A few days ago, Pope Benedict was treated to a live performance of Beethoven’s 9th Symphony by his very own (in some sense) Bavarian Radio Symphony Orchestra. [A brief aside: for those unfamiliar, let me personally urge you to listen to this piece of music. It is absolutely amazing.] Beethoven wrote the symphony—his last—toward the end of his life, after deafness “threatened to suffocate his artistic creativity,” as the Holy Father put it. For this reason, the “extraordinary finale of optimism and joy,” which provides the finale for the work, is all the more astonishing.

The pope applauded the composer’s “new way of listening that went well beyond a simple capacity to experience in his imagination the sound of notes read or written.” “God—sometimes through periods of interior emptiness and isolation,” said the Holy Father, “wishes to make us attentive and capable of ‘feeling’ His silent presence, not only ‘over the canopy of stars’ but also in the most intimate recesses of our soul. There burns the spark of divine love that can free us to be what we truly are.”

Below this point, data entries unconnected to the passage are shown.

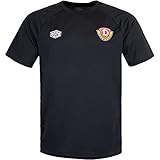 UMBRO Dynamo Dresden Training Shirt 21/22 schwarz SGD Fan Jersey Fußballtrikot, Größe:XL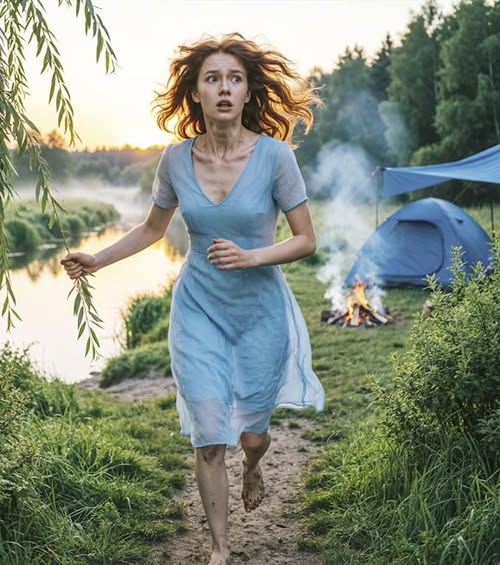 Я подслушала, как мой муж у костра называл меня «стерильной банкой», и вместо того чтобы устроить скандал, придумала кровожадную месть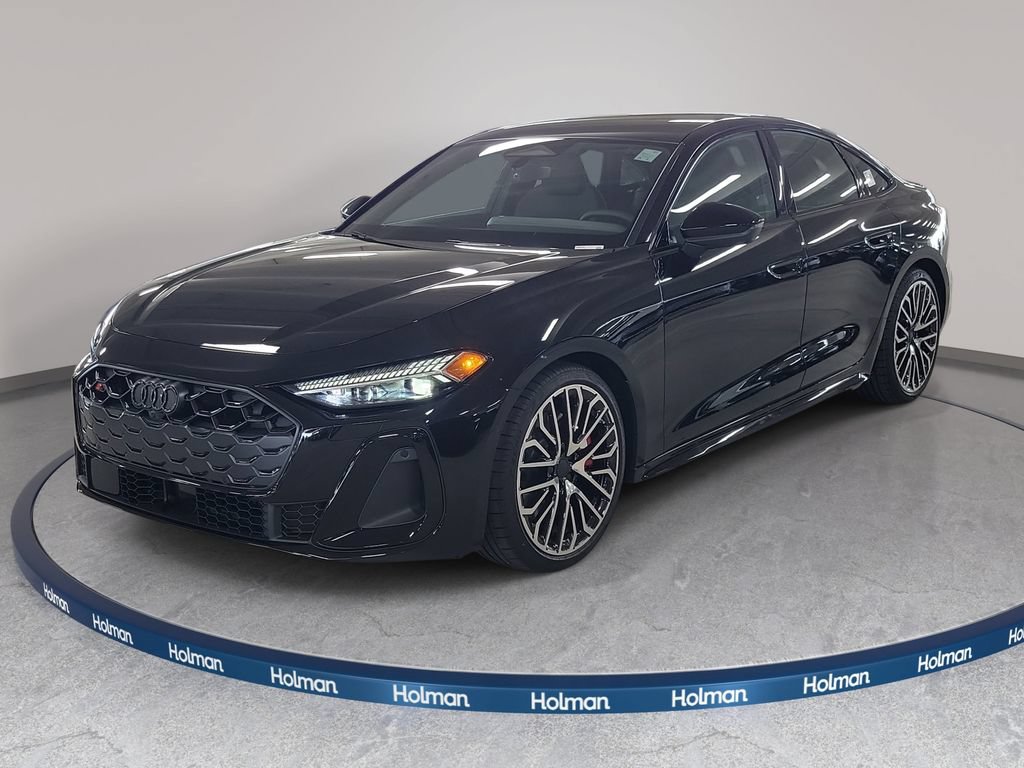 New 2026 Audi S5 Premium Plus AWD/4WD image 1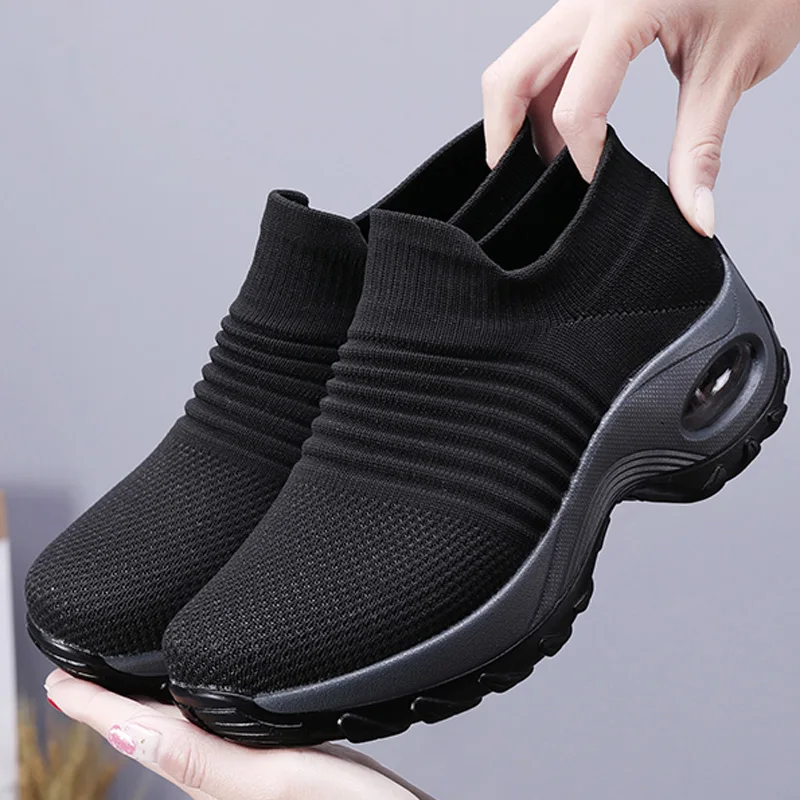 Zapatos De Caminar Ortopédicos Elegantes Para Mujer Ecuador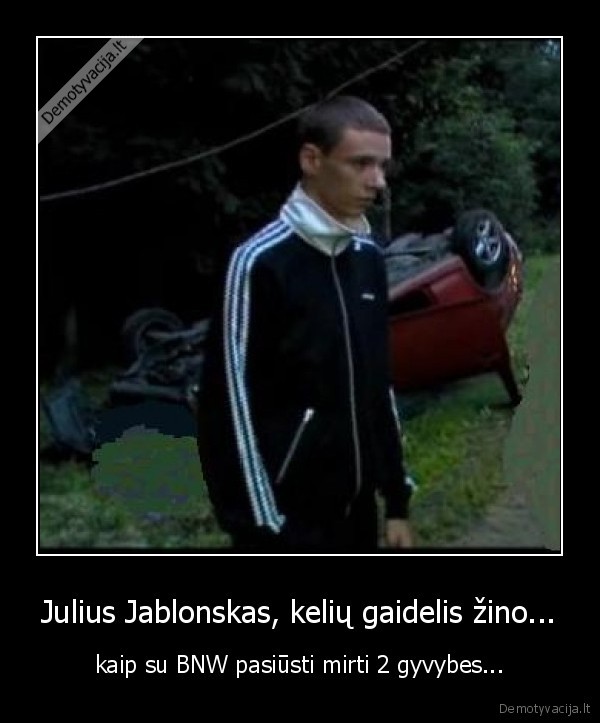 lochas, keliu, ozys, julius, jablonskas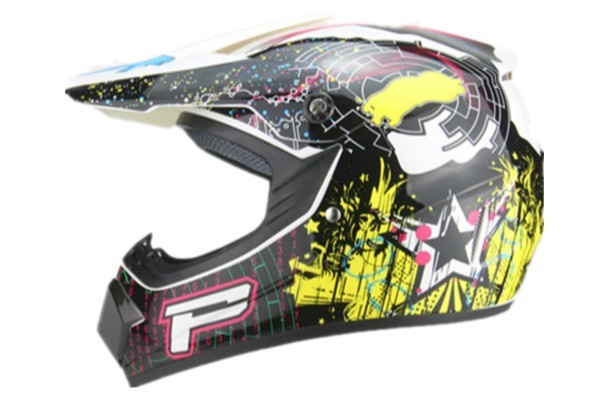 ヘルメット オフロード バイク用 ヘルメット バイクヘルメット 軽量化　小型ヘルメット ゴーグルをプレゼント 男女 子供にも 春夏秋冬 PSC付き TJC-032 |  | 09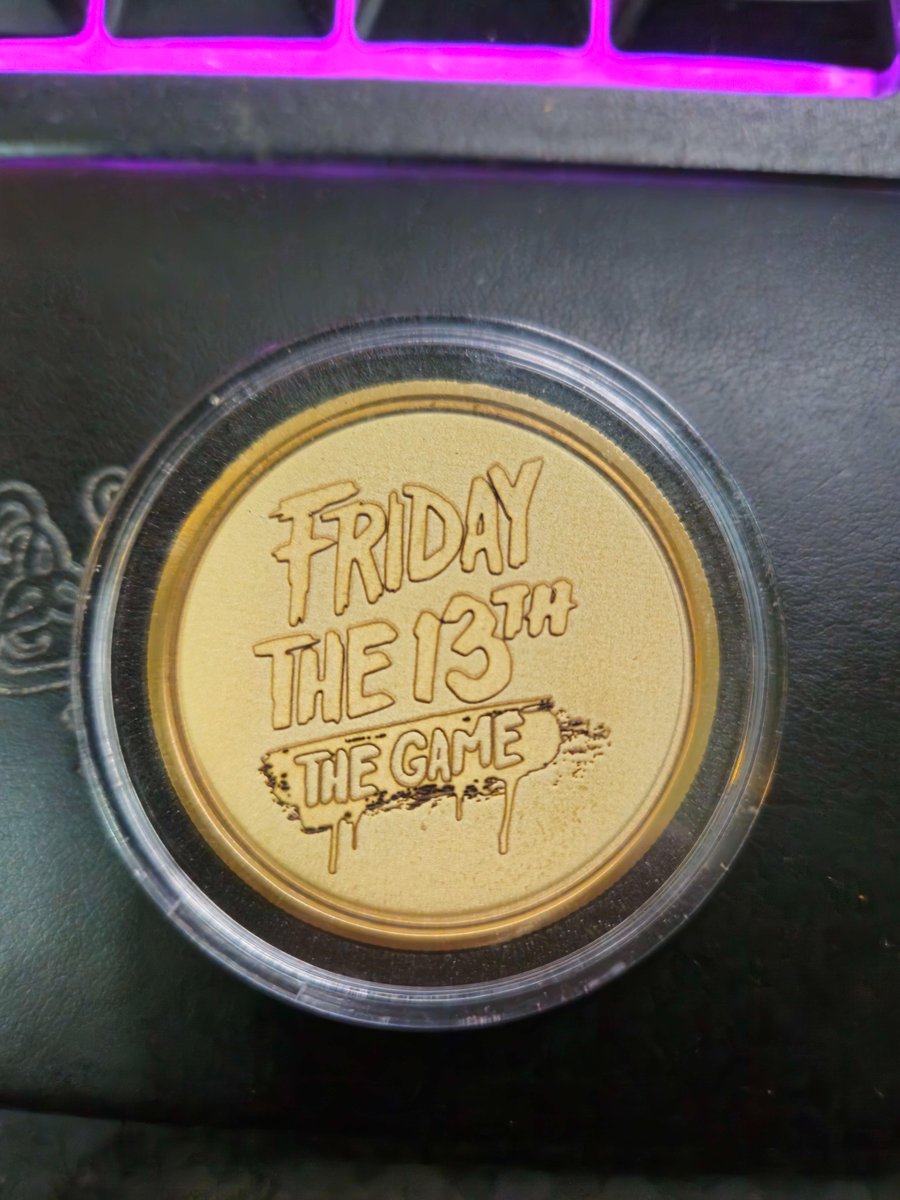 If anyone is looking for a nice collectable or a coin to flip to make your good or bad decisions, hit up <a href="/ReecyGames/">ReecyGames</a> 
Who wants a Gerg Coin or a Database Login Failure Coin? <a href="/Stream4CMT/">Stream4CMT 💙🎮💻</a> <a href="/OurTACO/">TACO</a>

These comments are very fitting, especially in light of the last post on the form of Catholic liturgy; the tradition of the Church has always had a special place for beautiful music within its liturgy, and continues to hold one even today. Benedict’s inspiring words about the secular work of Beethoven’s 9th Symphony, which was based on Schiller’s poem, An die Freude, are even more applicable to music specifically composed for the Mass. If one can write music so beautiful about natural things, all the more can it be written about the mysterious life of the Holy Trinity and the gifts of grace that flow hence into our lives.